IMC executives tell Pix11 unlike major hospitals in the city, very few Interfaith patients pay for their own health care out of pocket.

Thirty-three percent of the adult patients who walk through the front door have no insurance at all.

But they say the nail in the coffin came when the state reduced the Medicaid reimbursement rate to the hospital by 40% leaving IMC deep in the red.

How is IMC’s shutdown — set to start Aug. 12 — going to affect this community on the heels of Long Island College Hospital’s 11th hour battle to remain open?

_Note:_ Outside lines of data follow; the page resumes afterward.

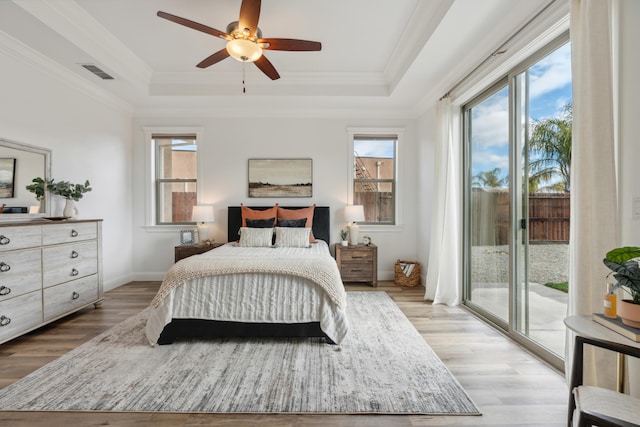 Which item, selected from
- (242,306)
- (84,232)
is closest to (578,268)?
(242,306)

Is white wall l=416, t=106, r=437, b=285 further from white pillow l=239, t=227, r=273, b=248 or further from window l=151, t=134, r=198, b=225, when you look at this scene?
window l=151, t=134, r=198, b=225

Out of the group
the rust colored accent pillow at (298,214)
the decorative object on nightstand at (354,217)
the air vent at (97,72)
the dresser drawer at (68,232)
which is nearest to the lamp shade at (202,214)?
the rust colored accent pillow at (298,214)

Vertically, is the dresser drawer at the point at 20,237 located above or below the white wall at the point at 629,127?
below

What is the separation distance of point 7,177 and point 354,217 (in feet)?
12.9

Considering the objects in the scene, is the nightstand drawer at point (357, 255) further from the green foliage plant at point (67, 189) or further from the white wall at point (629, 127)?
the green foliage plant at point (67, 189)

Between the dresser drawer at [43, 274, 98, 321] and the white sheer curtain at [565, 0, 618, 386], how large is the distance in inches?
168

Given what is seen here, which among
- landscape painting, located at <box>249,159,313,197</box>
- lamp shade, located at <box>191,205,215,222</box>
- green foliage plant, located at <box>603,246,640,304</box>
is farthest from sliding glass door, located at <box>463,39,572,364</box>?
lamp shade, located at <box>191,205,215,222</box>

In court documents provided to PIX11 – the hospital states it tried unsuccessfully to work out a restructuring plan with the state, adding, “…as the debtor is the primary acute care provider to its community, failure of IMC to survive likely will have serious consequences for the provision of healthcare in that community.”

Shannon Lindsey is based in patient registration and has worked at Interfaith for 13-years.

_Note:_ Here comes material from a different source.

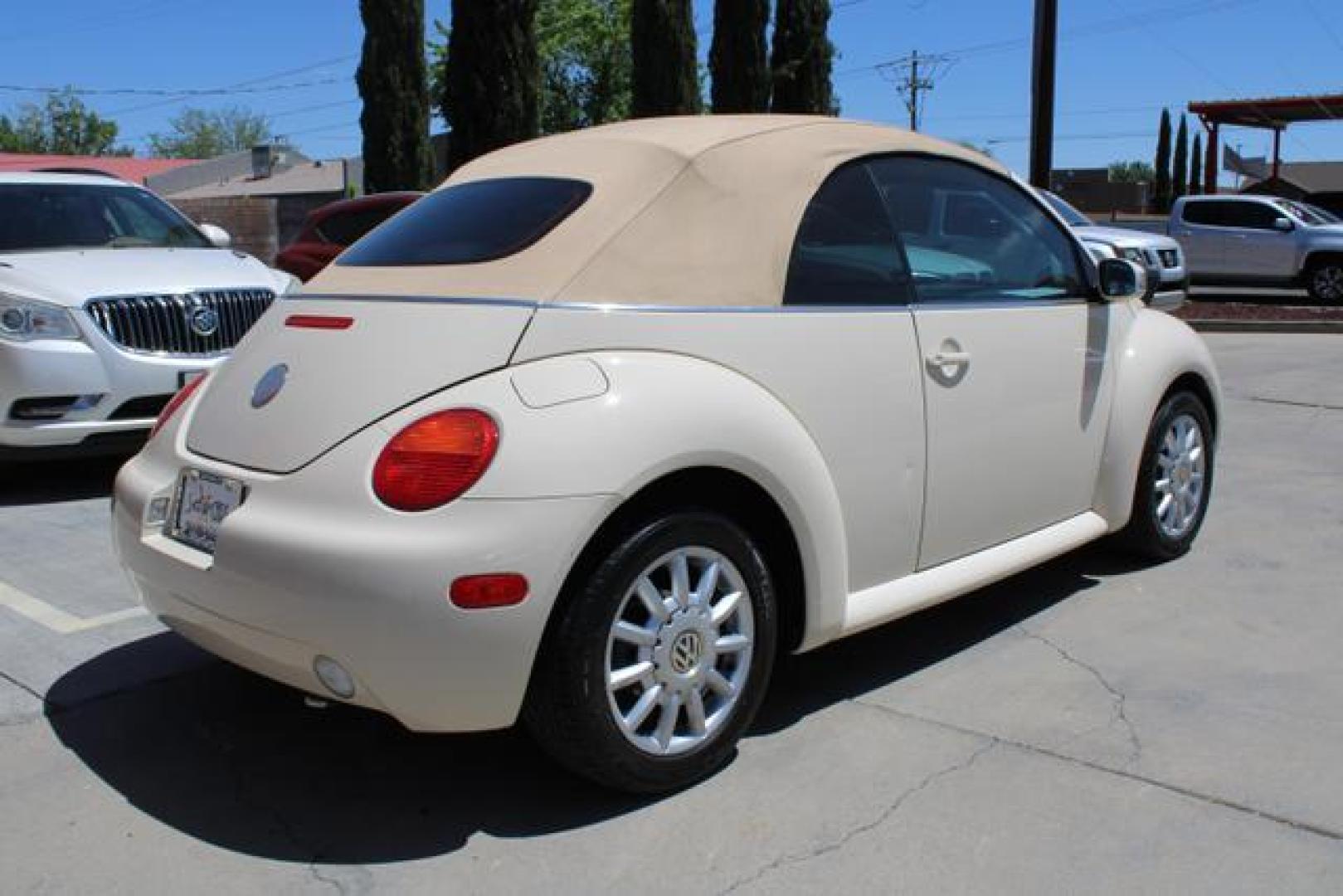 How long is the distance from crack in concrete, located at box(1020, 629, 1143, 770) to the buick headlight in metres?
4.84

“This medical center is very important for Bed-Stuy and crown heights. Right now, this is the only hospital within a radius of – I don’t even know how many miles to say, brooklyn hospital is already overwhelmed, Woodhull is way off, and kings county is already overwhelmed. The community is gonna be very, very disturbed if there’s no facility for them to go to. Oh this this is going to affect my livelihood totally. I have three kids that I have to take care of I have one in college, two high schoolers. If I have no finances – it’s going to be a hardship for me”, Lindsey told Dow.